Banque Pasche has been in existence since 1885, and has become one of the most important and prominent international asset management companies in the world. Over the course of the past couple of years though, there has been a substantial amount of rumbling about a possible takeover. A number of different financial institutions and companies have been rumored to have a role in the takeover, but one of these stands heads and shoulders above the rest – Banque Havilland.
This institution has only been around for a fraction of the time that Banque Pasche has. In fact, it’s only been in existence for six years. However, in that time, they’ve made some great strides.

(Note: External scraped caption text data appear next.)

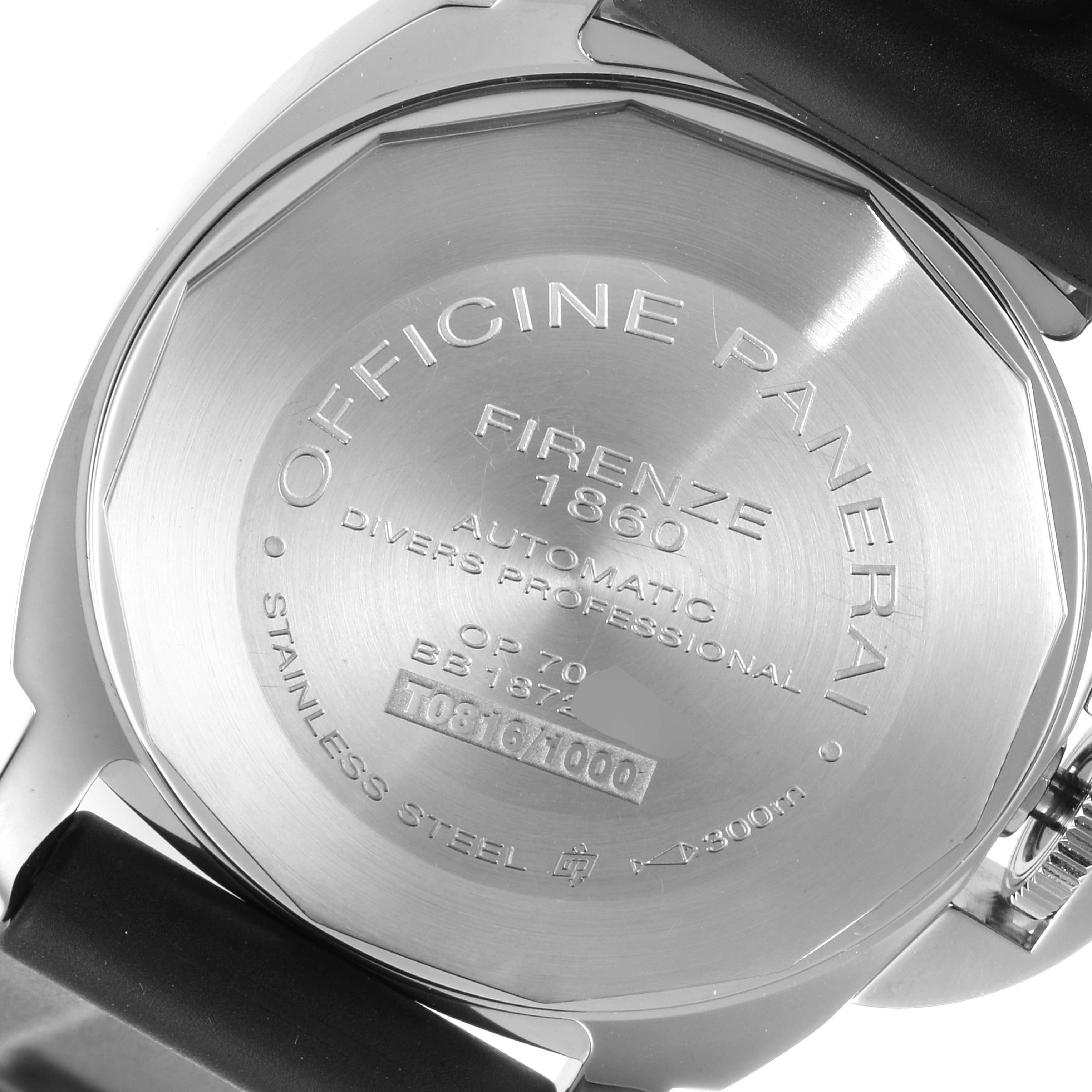 This image shows the back case of a Panerai Submersible PAM01024 Men's Stainless Steel Black Dial PAM01024 Men's Stainless Steel Black Dial watch, highlighting the engravings and stainless steel material.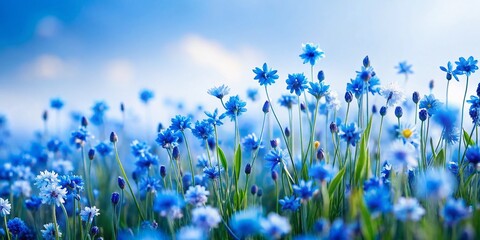 Poster - Panoramic Blue Flowers on White Background – Stunning Floral Photography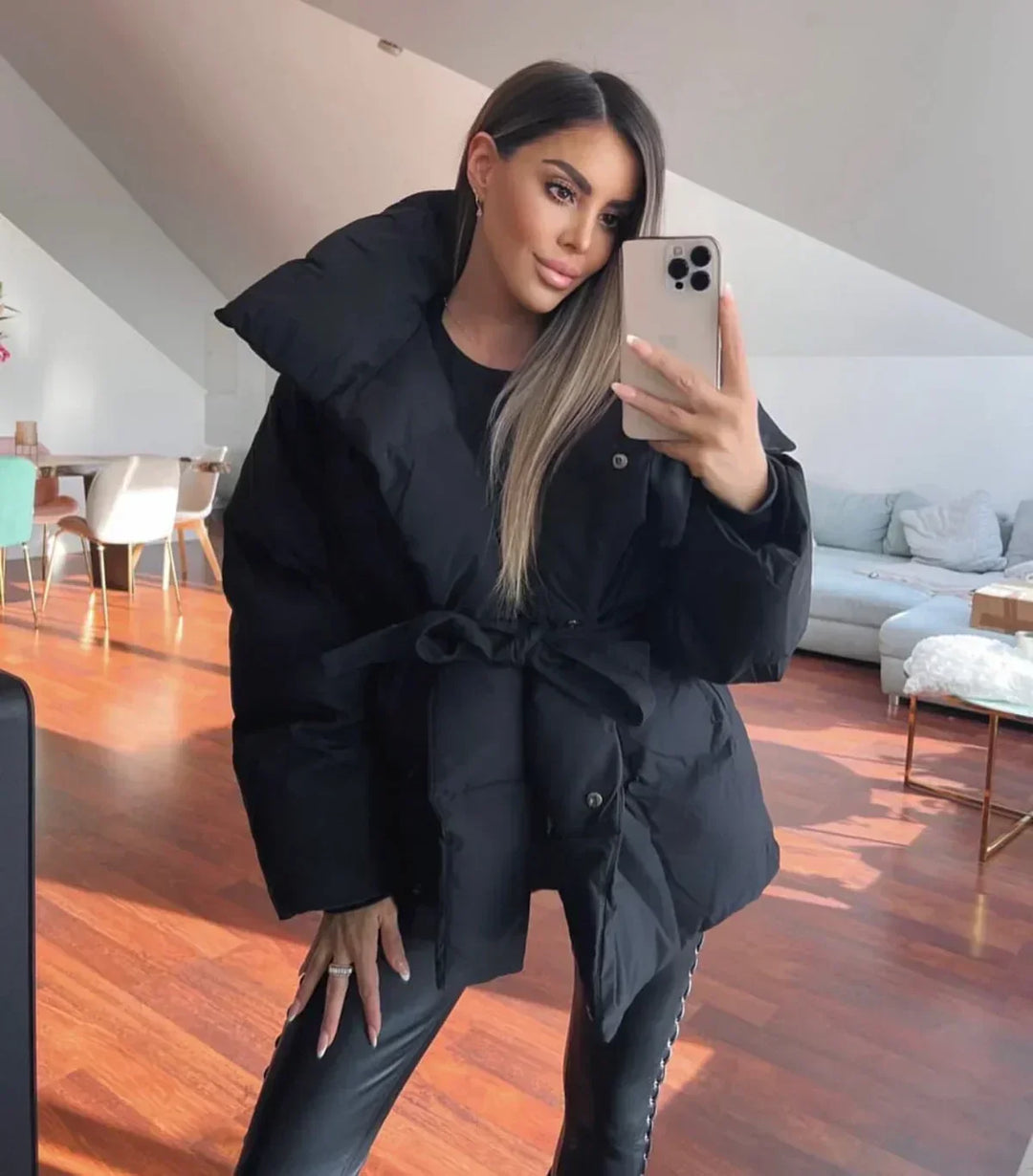 Chic Und Stil | Padded Belt Puffer Jacket Women's Outer Jacket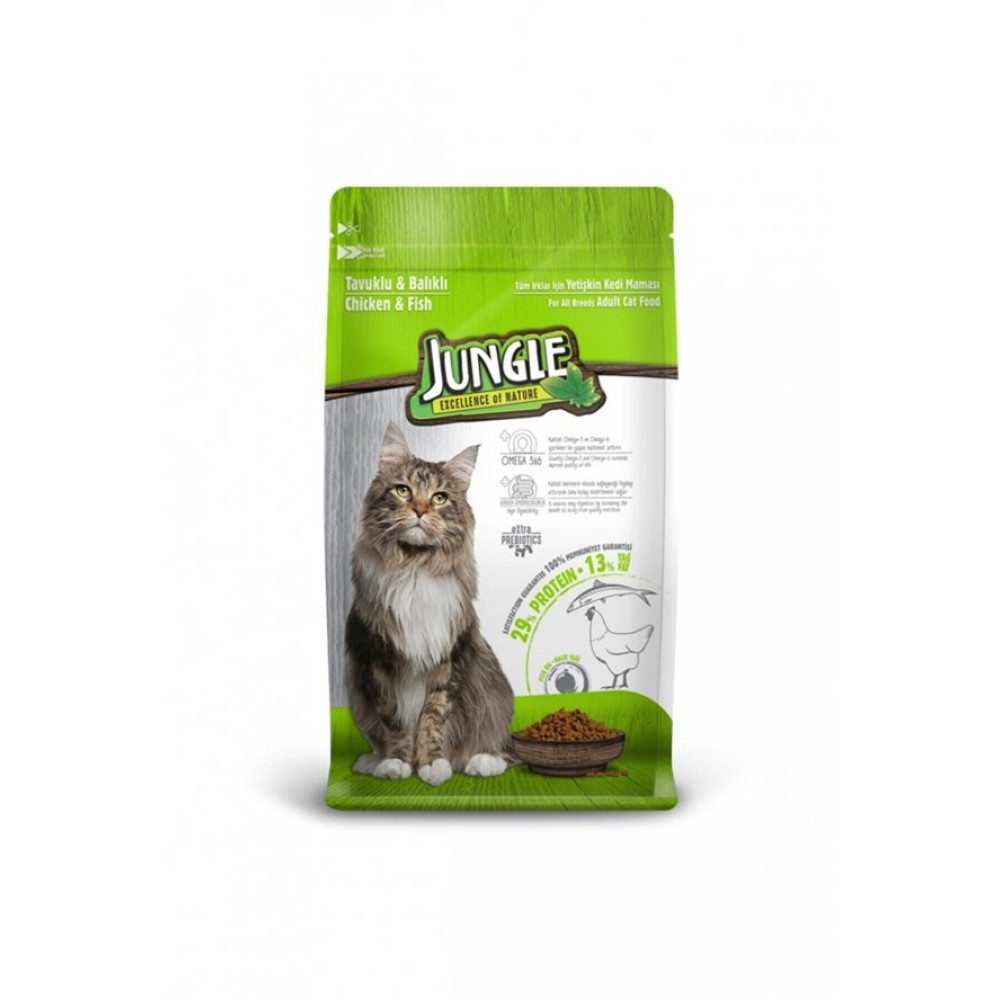 Jungle Tavuklu Balikli 15 Kg Yetiskin Kuru Kedi Mamasi Evcil Hayvan Ürünleri Fiyatı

They’ve already been whittling away at some of the satellite locations that once belonged to Banque Pasche. In 2013, they took over the Liechtenstein office, and within a year, they had majority stakes in two of Banque Pasche’s other locations – Nassau and Monaco.
It’s obvious that Havilland sees potential in the other locations that Banque Pasche retains, namely the locations in Switzerland – Geneva and Zurich. The owners of Banque Pasche, Credit Mutuel CIC announced that the bank was being held for sale, and that the assets were available.
Havilland clearly sees this as an opportunity. They know that Banque Pasche has a substantial amount to offer still, and they know that it aligns well with their business model. Both of these smaller banks gear their services and features towards a certain type of high-end clientele. In fact, their clients tend to be some of the wealthiest people on the planet. Even though Havilland is doing quite well for itself, it doesn’t have the same recognition that Banque Pasche has attained over the years.
By acquiring the company, it gives them access to an even larger base of wealthy clients. They have not been shy about their desire to grow and spread to as many other parts of the world as possible. In fact, they just opened an office in Moscow. With Banque Pasche folded into them, it can help to provide the reach they need to start working in other areas of the world.